■ **What this task involves**: You are asked to repeat the listing word for word and to leave out its pictures.

■ **Data segment**:
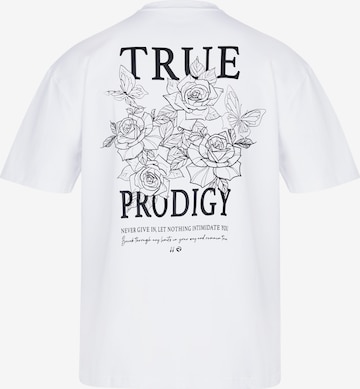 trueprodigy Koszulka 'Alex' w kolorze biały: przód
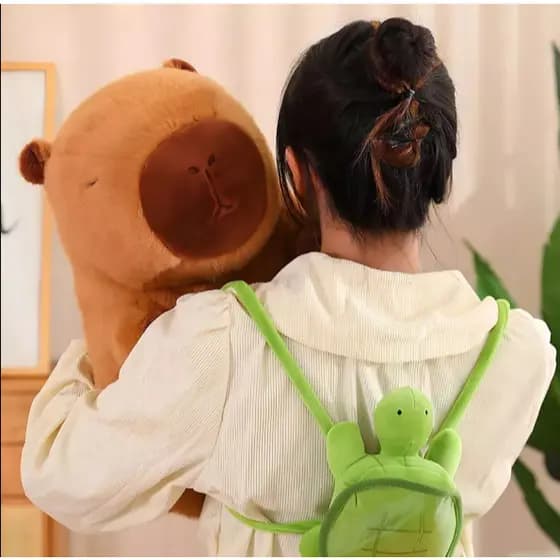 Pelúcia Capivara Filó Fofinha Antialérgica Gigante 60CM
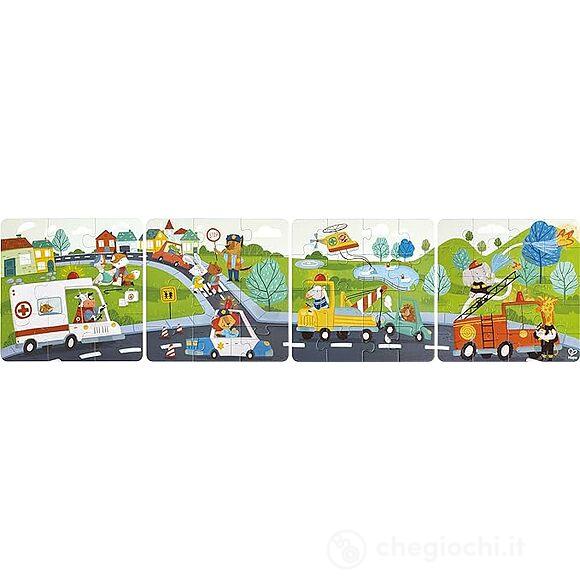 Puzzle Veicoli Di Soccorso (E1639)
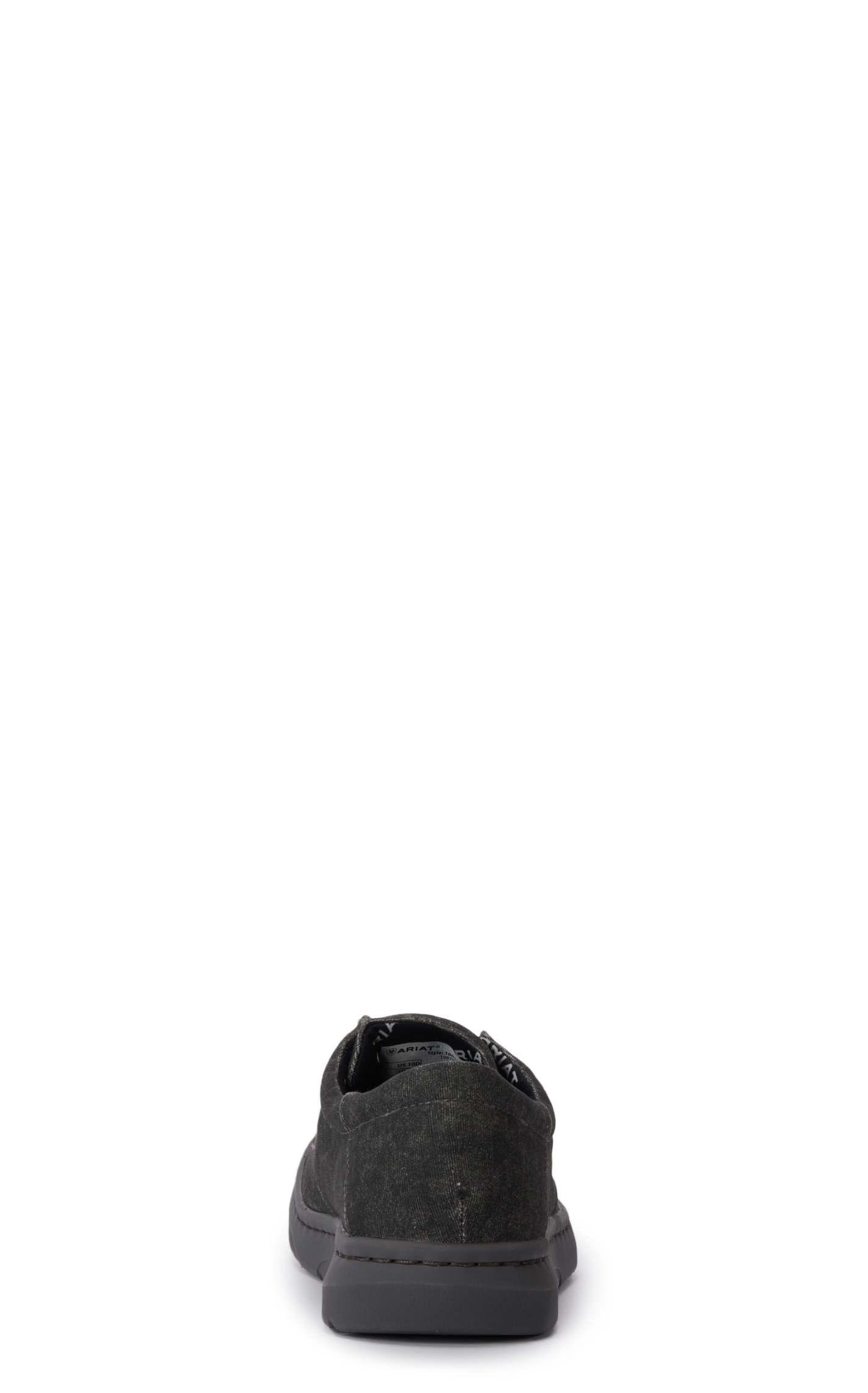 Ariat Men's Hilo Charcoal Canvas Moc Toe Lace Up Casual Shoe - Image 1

■ **Your response**:
 trueprodigy Koszulka 'Alex' w kolorze biały: przód
 Pelúcia Capivara Filó Fofinha Antialérgica Gigante 60CM
 Puzzle Veicoli Di Soccorso (E1639)
 Ariat Men's Hilo Charcoal Canvas Moc Toe Lace Up Casual Shoe - Image 1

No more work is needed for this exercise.